第130話 酔っ払い

 横浜時代。

 風呂上がりに私と息子は猛烈にガリガリさまが食べたくなりました。

 コンビニまで買いに行こう! と外に出ました。夜の九時前ぐらいだったと思います。夏の終わり。生温い湿った夜風の中、珍しく夜の散歩に息子ははしゃいでいます。

 徒歩五分程のコンビニでガリガリさまを購入し、近くのベンチで食べた後、帰路につきました。

 あれ? と思いました。

 道に置いてある自転車が、ことごとく倒れているのです。来るときにはちゃんと立っていたのに。

 倒れてるねえ、と息子と自転車を立てなおしながら帰りました。

 そしてしばらく歩いた後、前方に人影が立っているのが見えました。暗くて顔は見えませんが、なにやらこっちを見て喋っている様子。

 ふと、隣を見たら息子が居ませんでした。あれ、と後ろを見ると息子は立ち止まったまま、こっちを見ています。私も立ち止まり息子に言いました。


「こっち、来いや」


 その時また、前方の人物が何か言ったので私はちらり、とそちらに顔を向けてから息子に顔を戻しました。

 実はその相手は酔っ払いで、私のこの行動がカンに触ったようなのです。おそらく、先ほどの自転車も彼が倒したのだろうと思います。彼がなにかわめいているのだということは分かりました。

 息子は立ち止まったままです。


「はよ、きい。どうしたん」

「ママ、足痛い」


 私はああ、と気がつきました。息子は新品のつっかけを履いてきたのです。それで、足が痛くなったのです。


「歩けへん?」

「痛い」

「バカ女!」


 私はびっくりして振り返りました。


「バカ女!」


 え? なに、あの人、ウチに言うてんの?

 やっと、相手は私たちに向かって言葉を発しているのだと気づきました。

 こっちに近づいてくるのが見えました。


「バカ女!」


 私は急いで息子のもとに戻りました。抱き上げて、車道を挟んだ反対側の歩道へと渡ります。


「バカ女!」


 彼は反対側の歩道からわめいて追いかけてきました。自動販売機の明かりで彼の姿が一瞬、見えました。メガネをかけ作業服を着たヒョロッとした青年。新卒のような印象。


 なんやねん、あの兄ちゃん!


 私一人なら無視して歩いたでしょうが、子供がいます。何かされたらどうしよう、と私は恐怖を覚えました。


「バカ女!」


 広めの車道に出ました。これを渡るともう私の住んでるマンションの前です。赤信号だったので躊躇しました。


「早く、こっち!」


 向かいの歩道から二組の自転車に乗った夫婦(カップル?)が私たちの方を見て、手招きしていました。異変に気付いて、止まってくれたようです。

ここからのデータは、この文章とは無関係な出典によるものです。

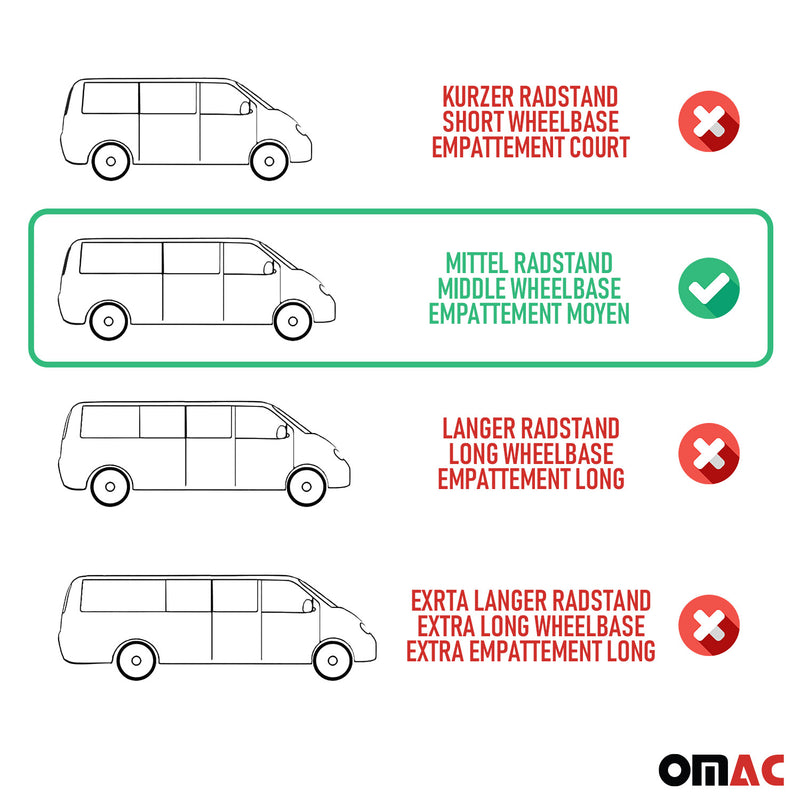 Minigonne laterali predellini per Mercedes Sprinter 2006-2018 L2 Alu Nero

 私は車を確認して、あわてて車道を子供を抱っこして渡りました。


「大丈夫ですか?」


 一人の女性の言葉に、はい、と私は答えます。すると、グループのうちの一人の男性がわめき散らしている彼に向かって大きな声で発しました。


「おい、なんやねんお前! 兄ちゃん!」


 関西弁……!


 私はホッとしました。

 こういう時、同郷の言葉というのは不思議なほど心強く感じるものなのです。

 このグループのうちの一人の男性が関西人だったようです。

 酔っ払いの彼は一気に大人しくなりました。


「お家はどこですか?」

「あ、ここです」

「早く、中に」


 お礼もそこそこに、私はあわててマンションに入りました。心臓がドクドクしてました。

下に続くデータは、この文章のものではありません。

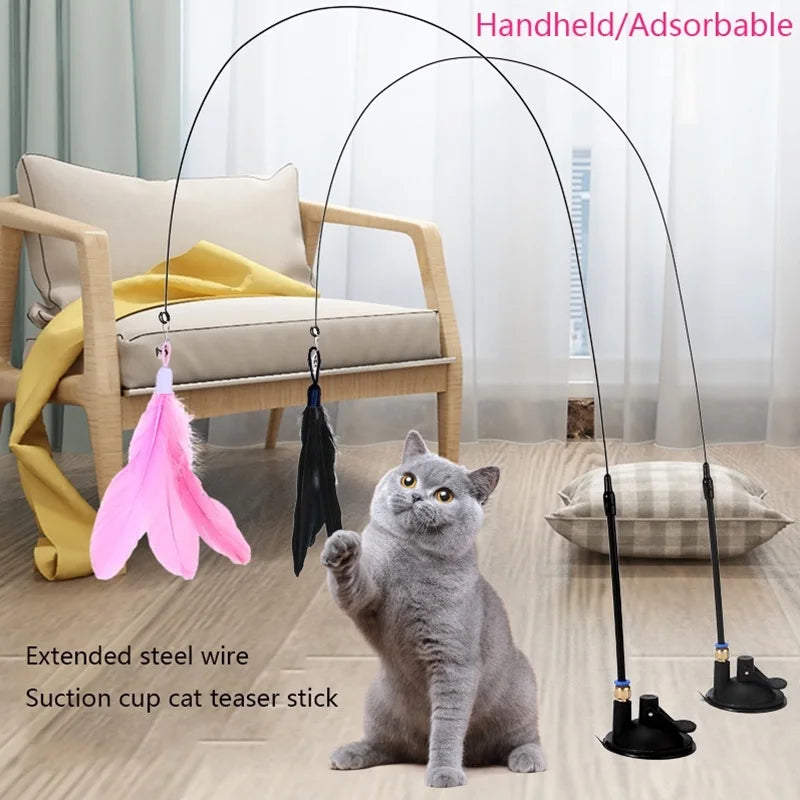 Cat Teaser Wand with Bell – Suction Base & Replaceable Feather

 通りすがりで私たちのことを気にかけてくださった男女二組の方にはお礼を申し上げます。本当にありがとうございました。



 その夜は少し怖くてなかなか寝付けませんでした。酔っ払いの彼にマンションに入るところを見られて、何かされたらどうしよう、などと考えたりしました。

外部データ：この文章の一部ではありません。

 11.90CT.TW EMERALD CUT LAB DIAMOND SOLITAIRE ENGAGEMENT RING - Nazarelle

 主人からちょうど電話がかかってきて、詳細を話しました。


「メガネかけてて、一見真面目でおとなしそうな若い人やったけど」

「そういうタイプが一番フラストレーションたまっていて、酔うとやらかすんだよ」


 そうかもしれません。


 ドキドキしながら子供を抱きしめて寝ました。

 珍しく、主人がここにいてくれればいいのに、と思った心細い夜でした。